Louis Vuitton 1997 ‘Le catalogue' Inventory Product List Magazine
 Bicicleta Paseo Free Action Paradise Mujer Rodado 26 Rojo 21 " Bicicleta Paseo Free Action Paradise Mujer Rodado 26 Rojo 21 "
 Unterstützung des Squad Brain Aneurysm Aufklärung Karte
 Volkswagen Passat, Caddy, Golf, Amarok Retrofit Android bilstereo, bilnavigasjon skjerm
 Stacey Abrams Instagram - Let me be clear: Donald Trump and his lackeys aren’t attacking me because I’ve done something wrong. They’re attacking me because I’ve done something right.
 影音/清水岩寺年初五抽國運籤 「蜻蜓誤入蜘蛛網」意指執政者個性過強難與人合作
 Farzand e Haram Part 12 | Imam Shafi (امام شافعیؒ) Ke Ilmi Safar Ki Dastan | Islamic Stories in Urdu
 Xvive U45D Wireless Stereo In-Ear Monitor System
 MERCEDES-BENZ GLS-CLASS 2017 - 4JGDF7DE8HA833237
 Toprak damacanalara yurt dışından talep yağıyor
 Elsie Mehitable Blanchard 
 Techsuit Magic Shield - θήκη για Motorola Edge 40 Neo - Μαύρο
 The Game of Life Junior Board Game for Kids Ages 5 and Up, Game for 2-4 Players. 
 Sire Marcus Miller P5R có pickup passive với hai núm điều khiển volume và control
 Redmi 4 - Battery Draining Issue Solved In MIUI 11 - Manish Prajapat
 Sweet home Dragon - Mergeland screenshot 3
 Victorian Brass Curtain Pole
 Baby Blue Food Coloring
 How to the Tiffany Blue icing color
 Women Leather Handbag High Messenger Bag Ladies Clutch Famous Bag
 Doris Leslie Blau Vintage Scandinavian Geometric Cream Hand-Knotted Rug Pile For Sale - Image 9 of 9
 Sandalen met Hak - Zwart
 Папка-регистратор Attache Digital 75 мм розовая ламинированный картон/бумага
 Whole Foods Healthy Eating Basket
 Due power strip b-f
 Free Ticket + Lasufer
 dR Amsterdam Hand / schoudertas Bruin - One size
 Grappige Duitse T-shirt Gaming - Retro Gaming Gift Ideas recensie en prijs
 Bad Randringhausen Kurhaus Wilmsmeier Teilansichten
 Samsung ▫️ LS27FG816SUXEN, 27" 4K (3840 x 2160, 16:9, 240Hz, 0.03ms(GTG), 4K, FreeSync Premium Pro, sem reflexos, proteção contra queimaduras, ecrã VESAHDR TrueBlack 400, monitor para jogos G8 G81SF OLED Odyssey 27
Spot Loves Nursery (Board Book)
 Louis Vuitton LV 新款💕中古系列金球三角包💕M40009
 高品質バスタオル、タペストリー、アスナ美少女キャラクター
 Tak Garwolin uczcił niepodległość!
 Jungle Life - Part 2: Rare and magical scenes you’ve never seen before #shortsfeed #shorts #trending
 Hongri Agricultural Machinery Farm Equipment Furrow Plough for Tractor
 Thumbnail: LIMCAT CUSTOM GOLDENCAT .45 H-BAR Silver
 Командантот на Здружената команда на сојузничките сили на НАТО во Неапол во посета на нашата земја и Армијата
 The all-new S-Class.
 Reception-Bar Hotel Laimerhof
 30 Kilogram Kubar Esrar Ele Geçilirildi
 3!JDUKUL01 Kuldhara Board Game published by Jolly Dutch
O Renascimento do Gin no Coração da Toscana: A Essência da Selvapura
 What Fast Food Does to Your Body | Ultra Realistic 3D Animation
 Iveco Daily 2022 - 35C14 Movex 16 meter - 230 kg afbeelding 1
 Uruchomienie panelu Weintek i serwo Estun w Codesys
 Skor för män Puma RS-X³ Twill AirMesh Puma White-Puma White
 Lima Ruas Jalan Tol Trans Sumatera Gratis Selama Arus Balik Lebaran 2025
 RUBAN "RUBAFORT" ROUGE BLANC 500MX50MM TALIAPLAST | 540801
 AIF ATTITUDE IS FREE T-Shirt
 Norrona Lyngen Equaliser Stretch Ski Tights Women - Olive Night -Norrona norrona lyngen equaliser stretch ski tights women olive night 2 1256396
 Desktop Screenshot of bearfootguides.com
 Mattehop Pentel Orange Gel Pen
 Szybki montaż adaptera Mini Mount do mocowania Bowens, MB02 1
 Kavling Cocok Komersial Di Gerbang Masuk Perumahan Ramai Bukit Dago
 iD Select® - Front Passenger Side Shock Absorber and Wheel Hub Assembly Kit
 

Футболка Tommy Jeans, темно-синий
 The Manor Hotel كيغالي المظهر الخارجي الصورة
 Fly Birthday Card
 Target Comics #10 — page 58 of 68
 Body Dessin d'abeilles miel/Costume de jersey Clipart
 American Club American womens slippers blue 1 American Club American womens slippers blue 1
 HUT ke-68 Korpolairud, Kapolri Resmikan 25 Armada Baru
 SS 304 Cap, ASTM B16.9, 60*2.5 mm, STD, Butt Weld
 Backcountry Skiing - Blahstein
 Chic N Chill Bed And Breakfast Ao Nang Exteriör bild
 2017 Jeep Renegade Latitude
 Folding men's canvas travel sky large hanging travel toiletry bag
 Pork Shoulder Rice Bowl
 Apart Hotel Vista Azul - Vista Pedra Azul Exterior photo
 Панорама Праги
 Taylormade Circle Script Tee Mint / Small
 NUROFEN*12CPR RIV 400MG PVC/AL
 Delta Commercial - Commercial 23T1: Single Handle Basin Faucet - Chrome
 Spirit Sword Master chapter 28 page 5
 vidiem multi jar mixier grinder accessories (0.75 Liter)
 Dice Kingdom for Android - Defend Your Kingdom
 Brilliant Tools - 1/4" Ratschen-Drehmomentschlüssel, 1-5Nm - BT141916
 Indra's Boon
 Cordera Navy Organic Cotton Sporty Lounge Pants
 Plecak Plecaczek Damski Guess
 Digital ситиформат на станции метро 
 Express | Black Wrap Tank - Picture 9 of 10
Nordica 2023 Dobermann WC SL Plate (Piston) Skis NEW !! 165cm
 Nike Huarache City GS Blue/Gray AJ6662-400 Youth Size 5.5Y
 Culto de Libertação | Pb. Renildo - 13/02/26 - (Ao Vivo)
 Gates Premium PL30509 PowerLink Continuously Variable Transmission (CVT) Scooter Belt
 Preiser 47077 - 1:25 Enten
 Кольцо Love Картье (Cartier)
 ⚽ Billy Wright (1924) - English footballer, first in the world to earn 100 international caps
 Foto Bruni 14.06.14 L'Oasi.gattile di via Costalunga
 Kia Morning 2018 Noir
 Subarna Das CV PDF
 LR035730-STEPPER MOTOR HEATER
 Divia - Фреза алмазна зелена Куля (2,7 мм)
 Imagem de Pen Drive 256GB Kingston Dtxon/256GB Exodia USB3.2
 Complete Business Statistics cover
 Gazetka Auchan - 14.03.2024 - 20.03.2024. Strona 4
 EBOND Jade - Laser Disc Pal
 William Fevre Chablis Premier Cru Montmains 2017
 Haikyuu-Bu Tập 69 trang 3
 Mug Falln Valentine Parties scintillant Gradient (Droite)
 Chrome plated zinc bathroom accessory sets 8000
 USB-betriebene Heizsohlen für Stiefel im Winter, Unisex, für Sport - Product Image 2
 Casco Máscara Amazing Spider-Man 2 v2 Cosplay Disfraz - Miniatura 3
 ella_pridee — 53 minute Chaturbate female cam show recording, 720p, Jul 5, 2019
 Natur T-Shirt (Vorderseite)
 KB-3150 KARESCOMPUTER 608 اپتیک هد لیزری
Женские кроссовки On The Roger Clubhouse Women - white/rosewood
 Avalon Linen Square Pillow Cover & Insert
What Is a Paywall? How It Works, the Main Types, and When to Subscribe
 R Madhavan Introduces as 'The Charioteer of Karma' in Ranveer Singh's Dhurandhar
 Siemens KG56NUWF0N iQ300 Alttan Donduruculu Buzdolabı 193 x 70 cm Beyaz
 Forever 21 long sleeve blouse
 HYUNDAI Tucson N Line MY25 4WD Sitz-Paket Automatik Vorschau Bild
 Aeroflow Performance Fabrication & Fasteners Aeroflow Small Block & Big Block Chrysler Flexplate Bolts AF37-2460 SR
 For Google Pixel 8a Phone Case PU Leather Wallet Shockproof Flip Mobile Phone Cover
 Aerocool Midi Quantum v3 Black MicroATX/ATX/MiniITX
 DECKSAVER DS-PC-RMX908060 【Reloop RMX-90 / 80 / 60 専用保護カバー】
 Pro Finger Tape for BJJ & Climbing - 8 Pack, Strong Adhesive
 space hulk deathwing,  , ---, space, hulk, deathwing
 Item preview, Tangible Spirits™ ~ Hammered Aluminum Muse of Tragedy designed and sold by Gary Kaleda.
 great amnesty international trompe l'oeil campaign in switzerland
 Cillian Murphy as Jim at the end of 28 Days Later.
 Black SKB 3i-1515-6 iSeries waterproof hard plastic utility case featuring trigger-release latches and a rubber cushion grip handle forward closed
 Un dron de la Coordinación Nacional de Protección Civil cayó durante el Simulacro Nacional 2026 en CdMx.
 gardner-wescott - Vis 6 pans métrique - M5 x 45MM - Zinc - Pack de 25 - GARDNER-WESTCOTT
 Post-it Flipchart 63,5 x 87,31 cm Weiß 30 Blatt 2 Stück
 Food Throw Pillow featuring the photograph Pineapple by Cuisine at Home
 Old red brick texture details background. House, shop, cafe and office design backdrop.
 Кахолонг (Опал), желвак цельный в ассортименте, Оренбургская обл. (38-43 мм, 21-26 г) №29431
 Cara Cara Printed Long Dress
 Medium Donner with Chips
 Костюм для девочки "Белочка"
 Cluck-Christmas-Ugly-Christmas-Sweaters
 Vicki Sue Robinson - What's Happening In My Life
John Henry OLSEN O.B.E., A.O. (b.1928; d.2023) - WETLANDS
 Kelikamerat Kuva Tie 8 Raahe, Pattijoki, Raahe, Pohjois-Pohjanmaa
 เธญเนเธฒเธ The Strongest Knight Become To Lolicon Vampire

___

## Directions for this task
Considering only the material above, set down every line from the one with "HYUNDAI Tucson N" to the one with "space, hulk, deathwing", inclusive, exactly as written.

## Output of the exercise
 HYUNDAI Tucson N Line MY25 4WD Sitz-Paket Automatik Vorschau Bild
 Aeroflow Performance Fabrication & Fasteners Aeroflow Small Block & Big Block Chrysler Flexplate Bolts AF37-2460 SR
 For Google Pixel 8a Phone Case PU Leather Wallet Shockproof Flip Mobile Phone Cover
 Aerocool Midi Quantum v3 Black MicroATX/ATX/MiniITX
 DECKSAVER DS-PC-RMX908060 【Reloop RMX-90 / 80 / 60 専用保護カバー】
 Pro Finger Tape for BJJ & Climbing - 8 Pack, Strong Adhesive
 space hulk deathwing,  , ---, space, hulk, deathwing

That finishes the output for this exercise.